Your assignment: Word-for-word transcription is needed for all of the entries.

-- Data follows --

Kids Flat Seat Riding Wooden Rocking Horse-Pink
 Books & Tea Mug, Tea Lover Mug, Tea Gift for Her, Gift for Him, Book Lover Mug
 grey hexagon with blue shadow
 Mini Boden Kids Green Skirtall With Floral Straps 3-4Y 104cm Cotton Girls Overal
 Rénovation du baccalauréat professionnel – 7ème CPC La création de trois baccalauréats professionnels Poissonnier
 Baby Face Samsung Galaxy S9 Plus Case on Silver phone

-- Data concluded --

Written solution:
Kids Flat Seat Riding Wooden Rocking Horse-Pink
 Books & Tea Mug, Tea Lover Mug, Tea Gift for Her, Gift for Him, Book Lover Mug
 grey hexagon with blue shadow
 Mini Boden Kids Green Skirtall With Floral Straps 3-4Y 104cm Cotton Girls Overal
 Rénovation du baccalauréat professionnel – 7ème CPC La création de trois baccalauréats professionnels Poissonnier
 Baby Face Samsung Galaxy S9 Plus Case on Silver phone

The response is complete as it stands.